The lines below, from the first through the one containing "A pool area", are to be given again exactly, with pictures left out and nothing added.

*** SOURCE MATERIAL ***

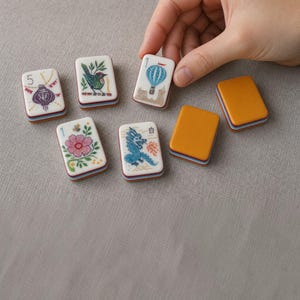 Puede incluir: Un conjunto de fichas de mahjong rectangulares con esquinas redondeadas, con ilustraciones coloridas de una linterna morada, un p&aacute;jaro verde, un globo aerost&aacute;tico azul, una flor rosa y un drag&oacute;n azul, junto a dos fichas de color amarillo mostaza.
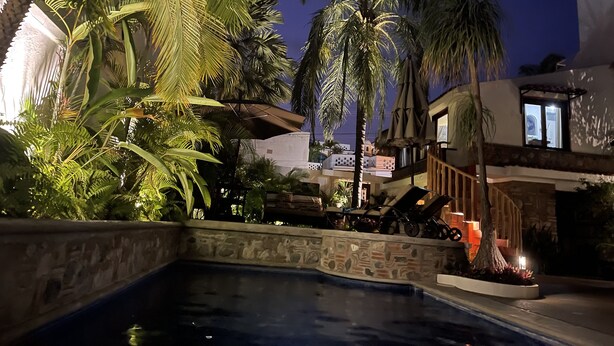 A pool area with a stone wall, palm trees, and a building with a balcony.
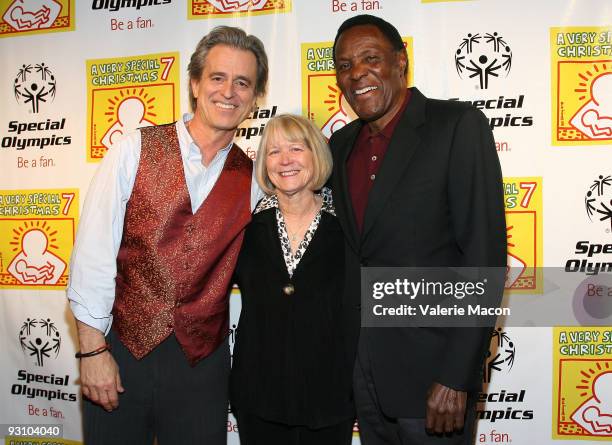 Bobby Shriver and Rafer Johnson arrive at A Very Special Christmas Party at the Shrivers' on November 16, 2009 in Santa Monica, California.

***

OUTPUT OF THE EXERCISE —
 Puede incluir: Un conjunto de fichas de mahjong rectangulares con esquinas redondeadas, con ilustraciones coloridas de una linterna morada, un p&aacute;jaro verde, un globo aerost&aacute;tico azul, una flor rosa y un drag&oacute;n azul, junto a dos fichas de color amarillo mostaza.
 A pool area with a stone wall, palm trees, and a building with a balcony.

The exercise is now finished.